NoteThe special value "data:,$M" for a spamfilterN_action_M MTA option has some special, short-circuited handling, in that it causes the verdict to be used literally as a Sieve scriptlet itself, omitting the usual URL expansion processing. For "short" verdicts, this is a difference that makes no difference, but it avoids the length limitations imposed during URL expansion that could potentially become relevant for longer verdicts---such as those that milter likes to return.

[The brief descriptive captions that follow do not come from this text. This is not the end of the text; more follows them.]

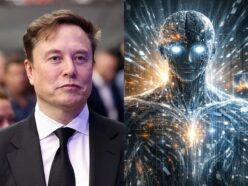 イーロン・マスク、2026年にも汎用人工知能（AGI）完成と予測（1年ぶり2回目の宣言）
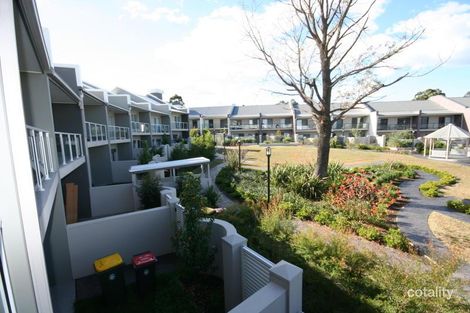 Property photo of 1/171-177 Moorefields Road Roselands NSW 2196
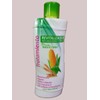 Tratamiento Revitalizador 150 ml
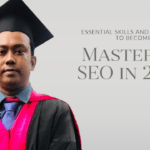 SEO Expert in 2024, Become an SEO Expert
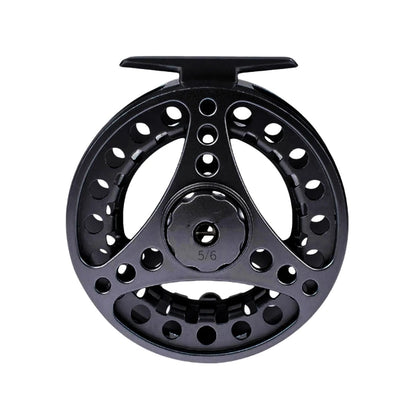 F1FD Fly Fishing Reel 3/4, 5/6, 7/8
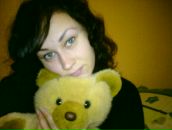 Інна Невірковець фотография #12 (источник - https://vk.com/id132591007)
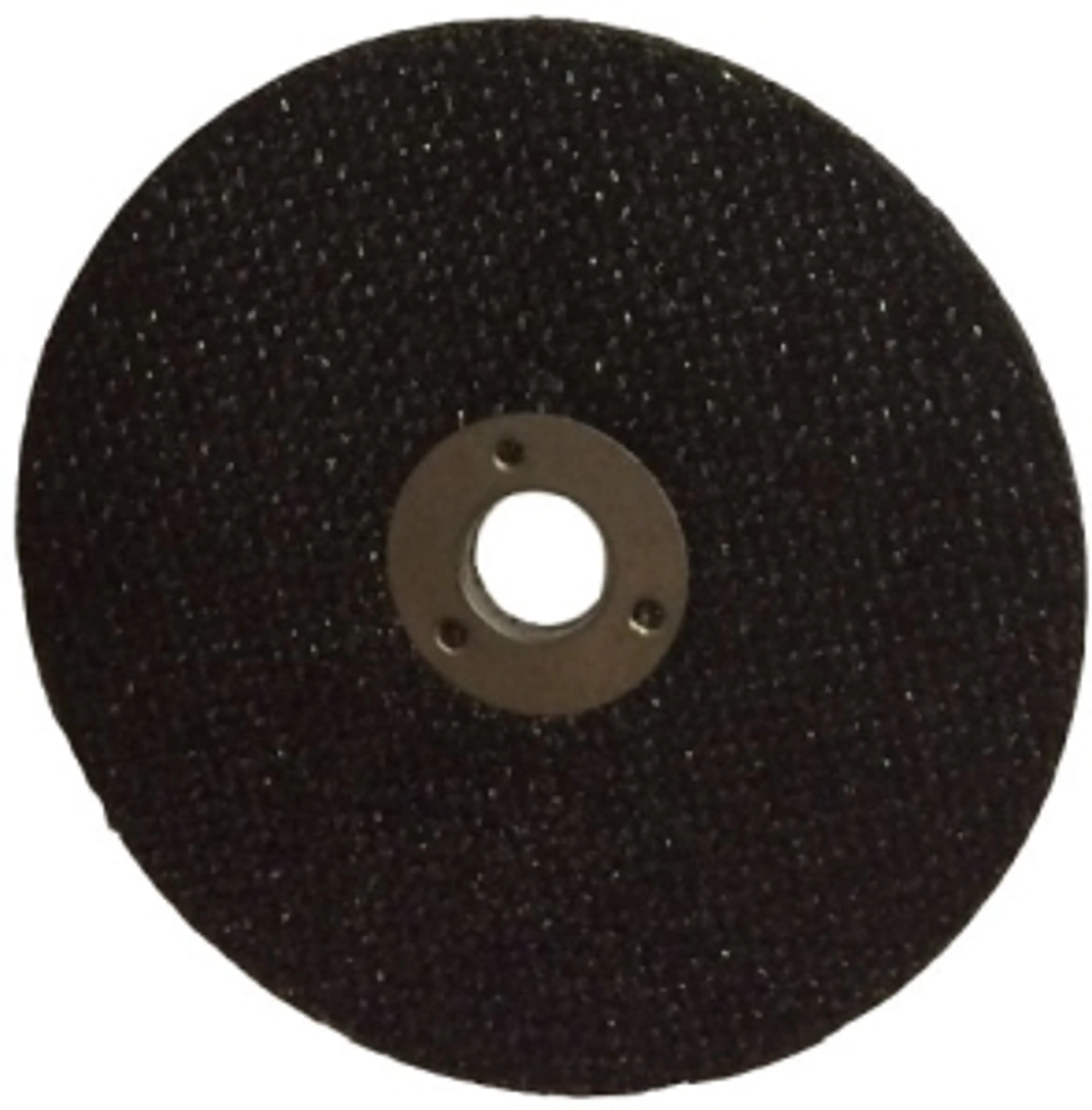 RECAMBIO DISCO PARA REF. 52953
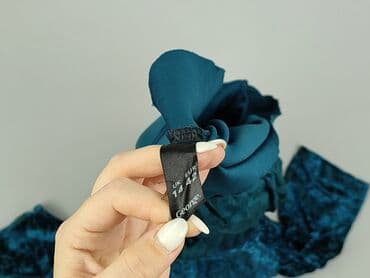 sukienki glower: George, Sukienka damska, rozmiar M — 4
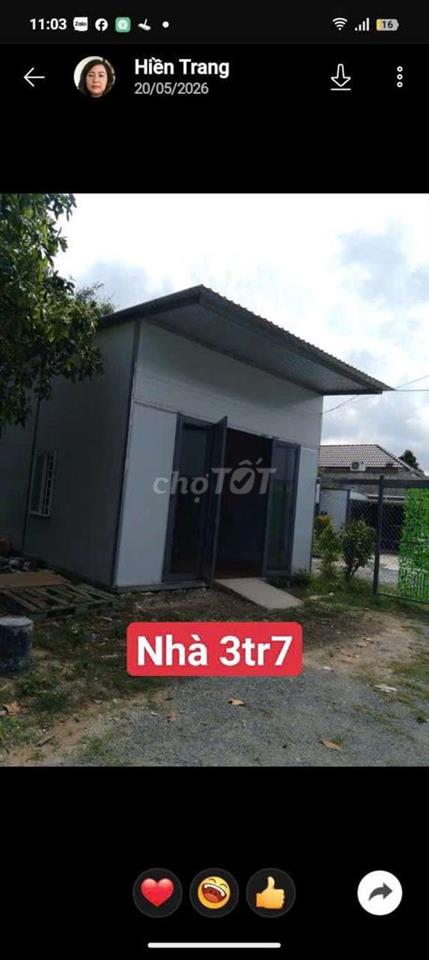 cho thuê kiốt 3tr5 3tr7 phú mỹ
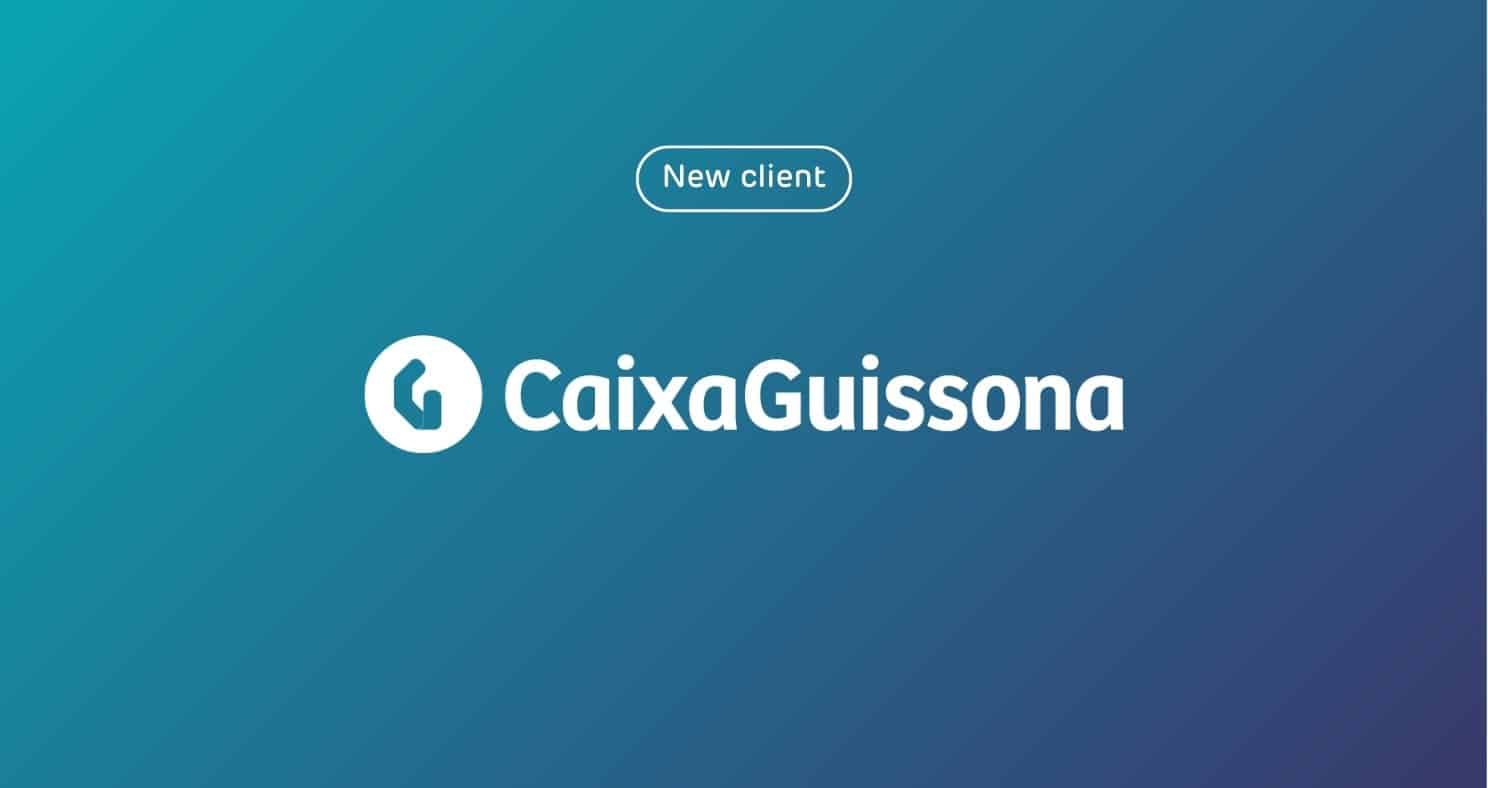 PaynoPain will manage physical and digital payment solutions for CaixaGuissona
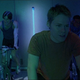 Brian-justin-4x12-1055.png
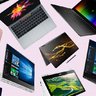 conglaptop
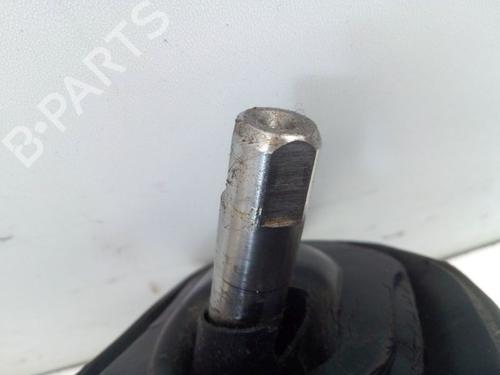 Steering rack FORD FOCUS III Turnier 1.5 TDCi | BP29438498M22 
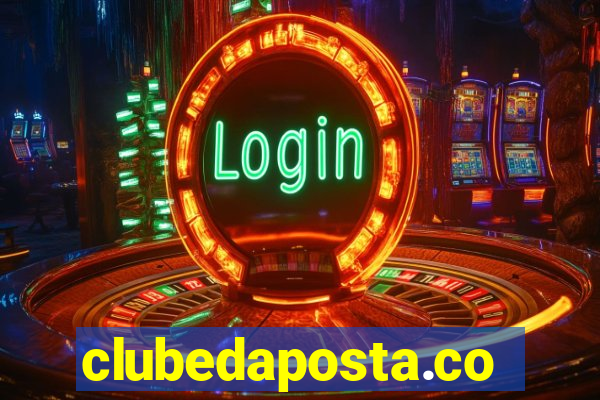 clubedaposta.com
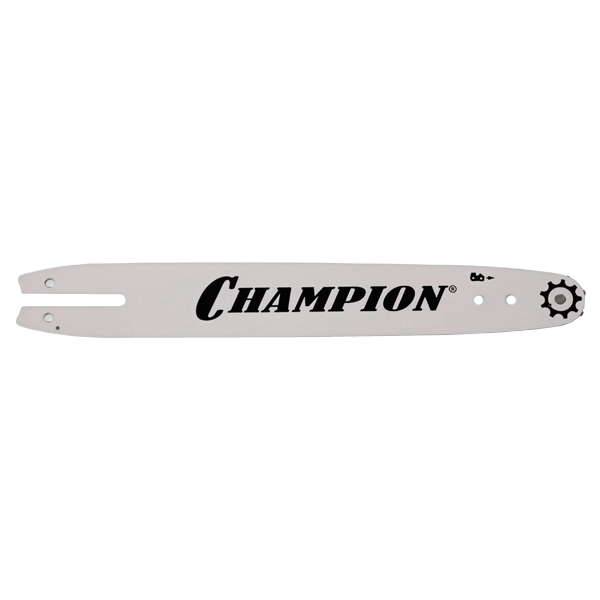 Шина CHAMPION 20" 3/8" 1,6 мм 72 звеньев (952943)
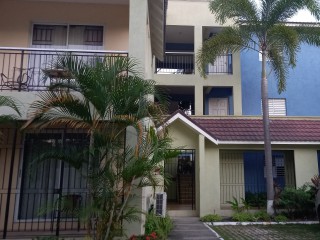 Apartment For Rent in Kingston 6, Kingston / St. Andrew Jamaica | [1]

Note that other uses of $M in a setting still result in substitution of the original verdict string but with normal URL expansion (thus subject to length limits); it is only the special, literal setting "data:,$M" that gets the special, short-circuited handling.

Note: Brightmail has a concept of a "default" verdict, intended to mean merely "deliver normally". Brightmail is typically configured so that a Brightmail "clear of any virus or spam" result is set to a Brightmail "destination" (a "verdict" in the MTA's terminology) of "inbox", with "inbox" also being set to be the "default destination". In older Brightmail configuration, this Brightmail configuration of "default destination" would be something like:

blSWCClientDestinationdefault: inbox 

The MTA has support for Brightmail's default destination concept, implemented by the MTA checking whether a verdict that it has received from Brightmail is Brightmail's default destination and if so, the MTA forcibly performs a plain "keep" Sieve action (forces delivery to the Inbox) and does not apply any spamfilterN_verdict/spamfilterN_action processing. Thus to achieve some other result for Brightmail clear messages, that is, to get spamfilterN_verdict/spamfilterN_action processing to occur for "clear" messages (such as perhaps, adding a header line saying that the message was cleared by Brightmail as well as delivering to the Inbox), Brightmail must be configured differently: either configure Brightmail so that "inbox" is not Brightmail's "default destination", or configure Brightmail to return some destination (some verdict, in MTA terminology) of other than "inbox". Either way, the MTA must see a non-default (in Brightmail's opinion) destination/verdict in order for it to apply "normal" spamfilterN_verdict/spamfilterN_action processing.

In addition to the explicitly-specified-verdict/corresponding-action pairs discussed above, there are also two additional types of MTA option that specify the behavior of the MTA when other verdicts are returned: the spamfilterN_null_action options controlling behavior when a so-called "null" verdict is returned, and the spamfilterN_string_action options controlling behavior when an unrecognized verdict (a verdict without a matching spamfilterNverdict_M value) is returned.